We will use fixed‐effect model to combine data if outcomes are homogeneous. If the results are heterogeneous, we will undertake subgroup analysis to identify the reasons of heterogeneity. The random‐effects model will be applied if we cannot find any reason for heterogeneity.

If the nature of the included studies do not allow for statistical analysis, narrative (qualitative) summaries will be used to present the results. 

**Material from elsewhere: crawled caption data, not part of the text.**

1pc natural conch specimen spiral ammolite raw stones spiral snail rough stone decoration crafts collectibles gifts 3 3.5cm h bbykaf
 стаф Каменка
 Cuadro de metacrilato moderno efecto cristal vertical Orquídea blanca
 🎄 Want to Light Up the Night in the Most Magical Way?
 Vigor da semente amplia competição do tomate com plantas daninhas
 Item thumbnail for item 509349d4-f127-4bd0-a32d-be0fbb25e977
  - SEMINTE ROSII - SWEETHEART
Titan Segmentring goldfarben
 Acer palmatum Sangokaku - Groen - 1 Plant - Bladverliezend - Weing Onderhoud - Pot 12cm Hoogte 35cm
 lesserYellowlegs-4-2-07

Subgroup analysis and investigation of heterogeneity

If significant heterogeneity is found, the data will not be pooled and a summary of methodological quality and results will be presented.  Reasons for heterogeneity will be considered using subgroup analysis. Subgroup analysis will be considered with regard to:

  1. length of time to follow‐up;

  2. proximal interphalangeal joint and metacarpophalangeal joint outcomes separately as it is well recognised that metacarpophalangeal joint contractures correct better than proximal interphalangeal joint contractures;

  3. severity of disease prior to operation. Where provided, it is expected that this will be in the form of total passive extension deficit (i.e. the sum of the passive extension deficit at the metacarpophalangeal and proximal interphalangeal joints);

  4. number of joints involved;

  5. postoperative treatment offered.

Sensitivity analysis

Outcome measures, e.g. the definition of recurrence, have been defined differently (Becker 2010). A sensitivity analysis to examine whether the result varies according to different definitions.

We will also undertake sensitivity analysis for missing data, for example intention to treat versus per protocol analysis, to examine variations between different analysis approaches.